**PROVIDED INFORMATION:**
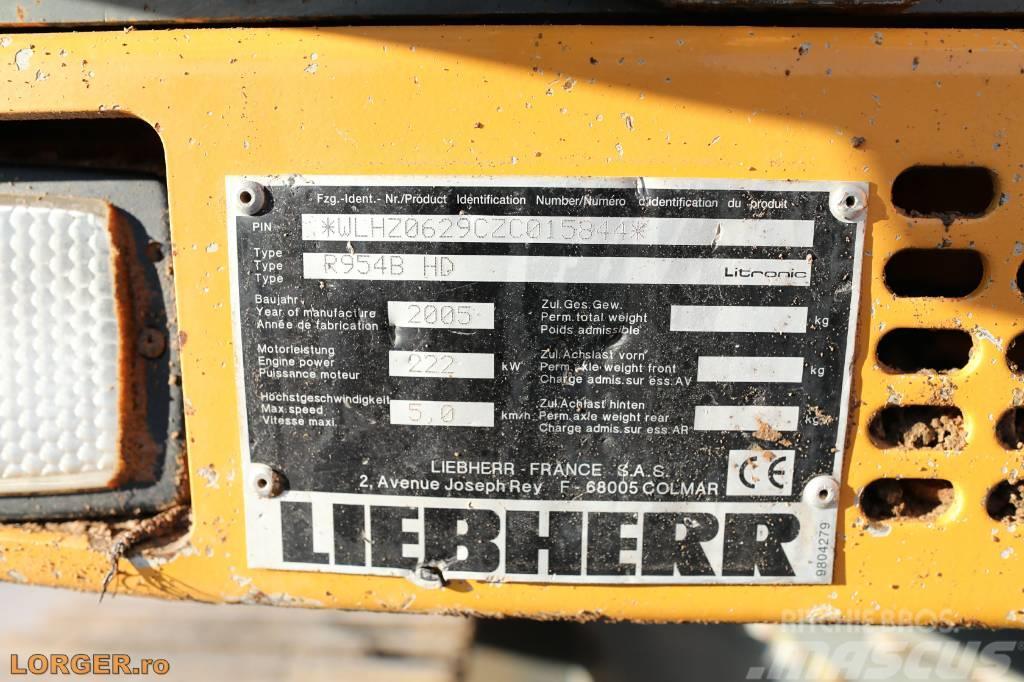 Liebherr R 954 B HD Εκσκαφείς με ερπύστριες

...

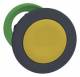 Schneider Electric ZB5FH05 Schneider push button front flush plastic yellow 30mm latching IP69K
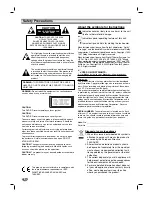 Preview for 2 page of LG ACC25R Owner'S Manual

**WORK ITEM:** Leave out the images and write out the lines above exactly, from the one with "Schneider Electric ZB5FH05" up to and including the one with "Preview for 2".

**EXPECTED ANSWER:**
 Schneider Electric ZB5FH05 Schneider push button front flush plastic yellow 30mm latching IP69K
 Preview for 2 page of LG ACC25R Owner'S Manual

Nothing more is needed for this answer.